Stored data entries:
[Start of section]
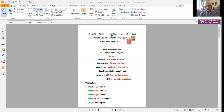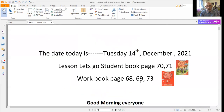Good morning, today we're going to introduce the word of the day. The date today is Tuesday the 14th of December 2021. This is lesson Let's Go and we're going to use your student book page 70 and 71, and your workbook pages 68, 69, and 73. The student book is the color one; the workbook is your Let's Go book.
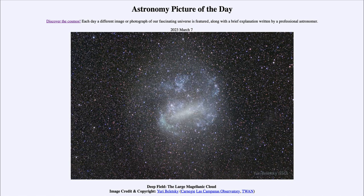Many supernovae have been seen and tracked over the centuries, but Supernova 1987A is the only one for which we could actually identify the original star from images taken before the explosion. The star was close enough that we could see and study the type of star it was, giving us a better understanding of the supernova explosion process.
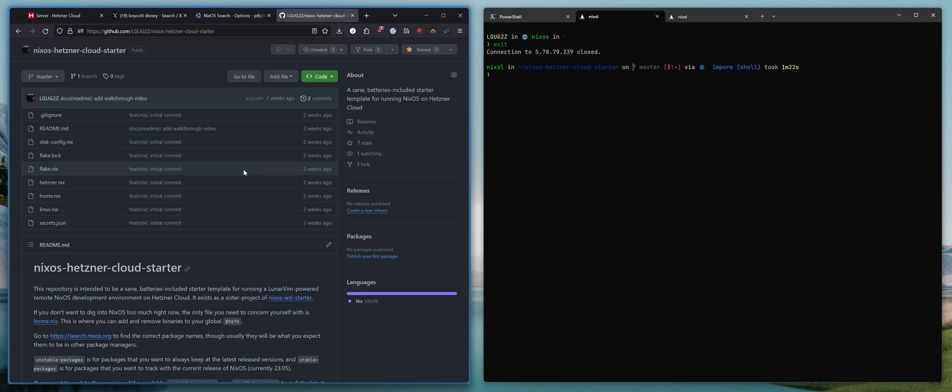As a result, there have been many calls to boycott these companies. One of those companies is Disney.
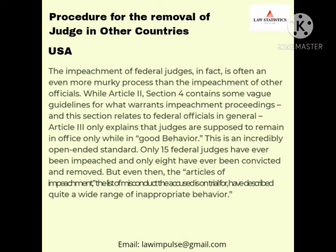Only 15 federal judges have ever been impeached, and only 8 have been convicted and removed.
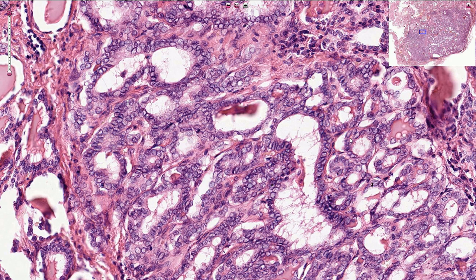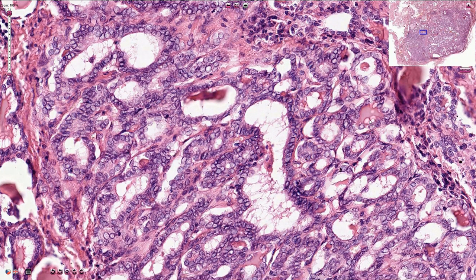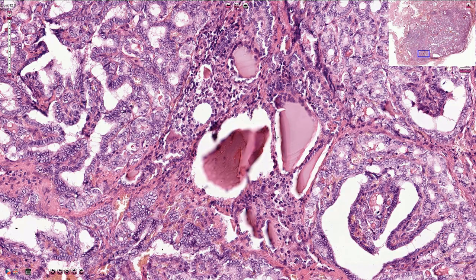A quite useful sign is also the different appearance of the colloid, which is slightly darker. It is sometimes described as a bubblegum appearance of the colloid, with scalloping and bubbles around the edges, and it is much darker and more pink than normal areas of the thyroid gland. This is a slightly better example of the thick dark colloid.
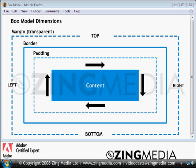The box model works in the following order. We start with content in the middle, which is where your image and text will appear. We then follow this with the padding, which is then followed by the border, and then followed by the margin, which is transparent. We set the values of the properties for the padding, border and margin through our various different stylesheets.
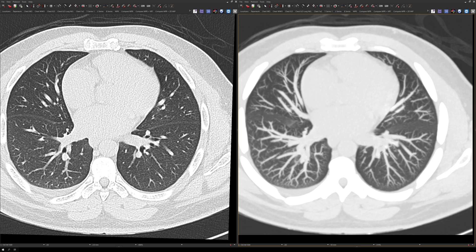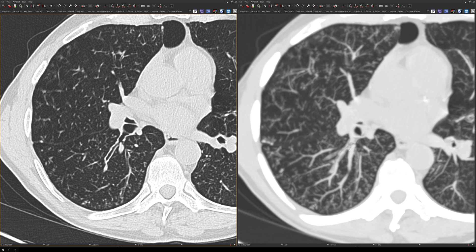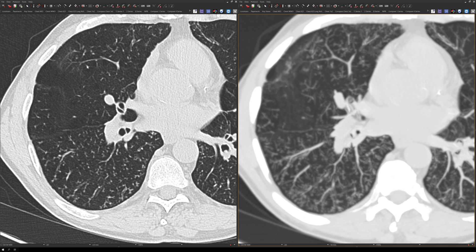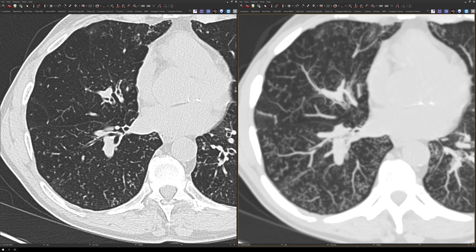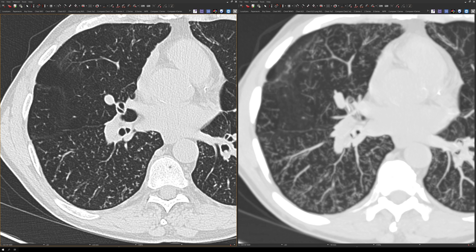Let me show you one other practical application of MIP images. In this example, the patient has a profusion of small pulmonary nodules. On the regular lung reconstructions with thin cuts, it may be difficult to tell the distribution of the pulmonary nodules. But with the MIP images, it effectively puts all the nodules in a 10mm slice thickness on the same plane, making the distribution easier to distinguish. On the MIP images, it's easy to see that these nodules are in a tree-in-bud distribution, whereas on the regular thin cuts it's not as obvious, especially if you're just starting out in chest imaging.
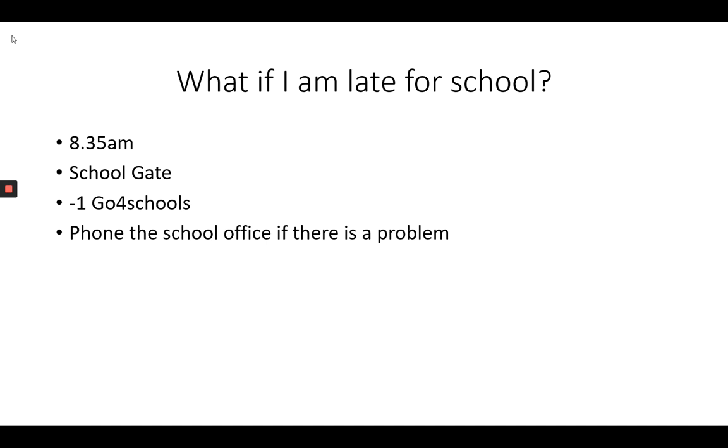So we expect that you are in school in form at 8.35am. If you are not in form at 8.35am when your form tutor arrives to take the register, you will be marked as late.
[End of section]
TASK PROMPT:
When pictures appear in the records above, leave them out and reproduce exactly each line from the first through the line containing "A quite useful", both included.

ANSWER BELOW:
Good morning, today we're going to introduce the word of the day. The date today is Tuesday the 14th of December 2021. This is lesson Let's Go and we're going to use your student book page 70 and 71, and your workbook pages 68, 69, and 73. The student book is the color one; the workbook is your Let's Go book.
Many supernovae have been seen and tracked over the centuries, but Supernova 1987A is the only one for which we could actually identify the original star from images taken before the explosion. The star was close enough that we could see and study the type of star it was, giving us a better understanding of the supernova explosion process.
As a result, there have been many calls to boycott these companies. One of those companies is Disney.
Only 15 federal judges have ever been impeached, and only 8 have been convicted and removed.
A quite useful sign is also the different appearance of the colloid, which is slightly darker. It is sometimes described as a bubblegum appearance of the colloid, with scalloping and bubbles around the edges, and it is much darker and more pink than normal areas of the thyroid gland. This is a slightly better example of the thick dark colloid.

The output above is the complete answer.